__Aim of the exercise__. A verbatim repeat of the lines below is required, with the pictures removed.

__Collected material__.
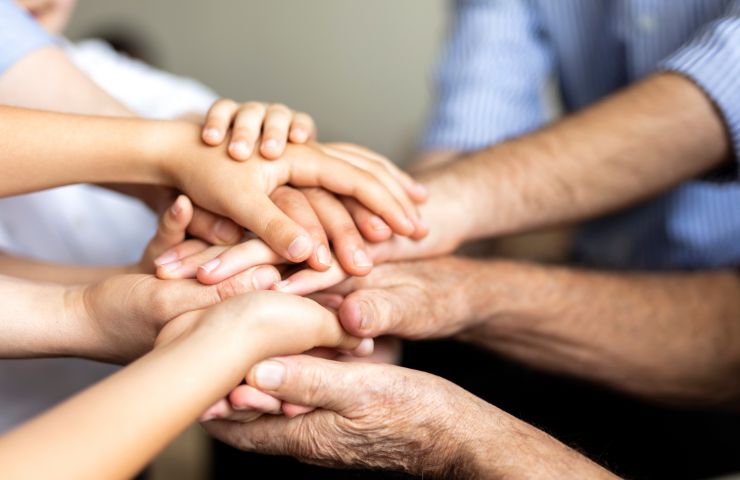 mani di famiglia che si tengono unite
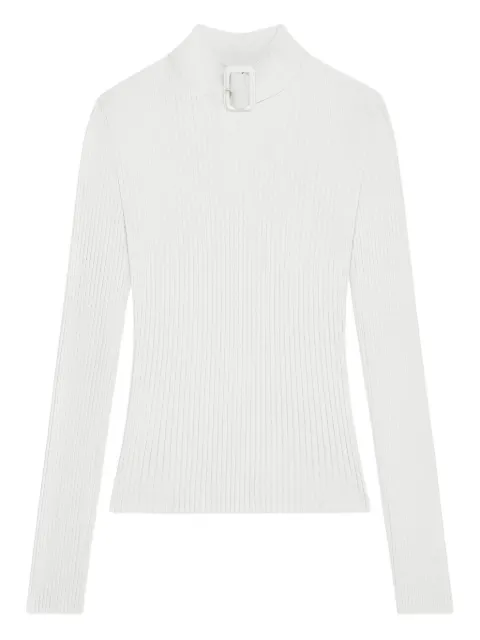 Courrèges buckle-neck ribbed sweater White 126MPU266FI0001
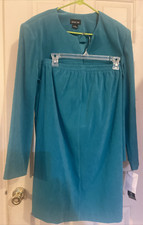 Vintage Leslie Fay Women's Skirt Suit Sz 16 Faux Suede Green Long Sleeves NWT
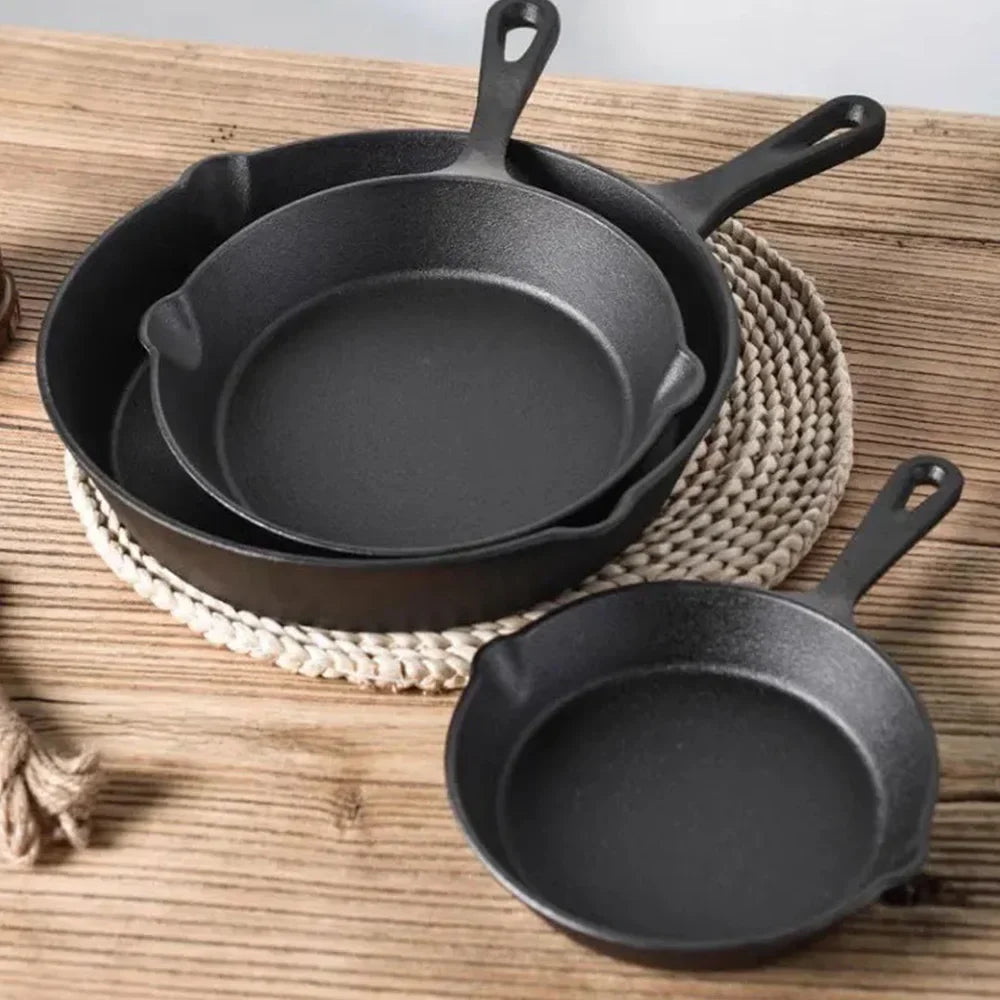 Frying Pan Set Cast Iron 16.0 cm 20.0 cm 26.0 cm Black Induction Gas Open Fire Skillet Cooking Set | Thomler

__Response__.
 mani di famiglia che si tengono unite
 Courrèges buckle-neck ribbed sweater White 126MPU266FI0001
 Vintage Leslie Fay Women's Skirt Suit Sz 16 Faux Suede Green Long Sleeves NWT
 Frying Pan Set Cast Iron 16.0 cm 20.0 cm 26.0 cm Black Induction Gas Open Fire Skillet Cooking Set | Thomler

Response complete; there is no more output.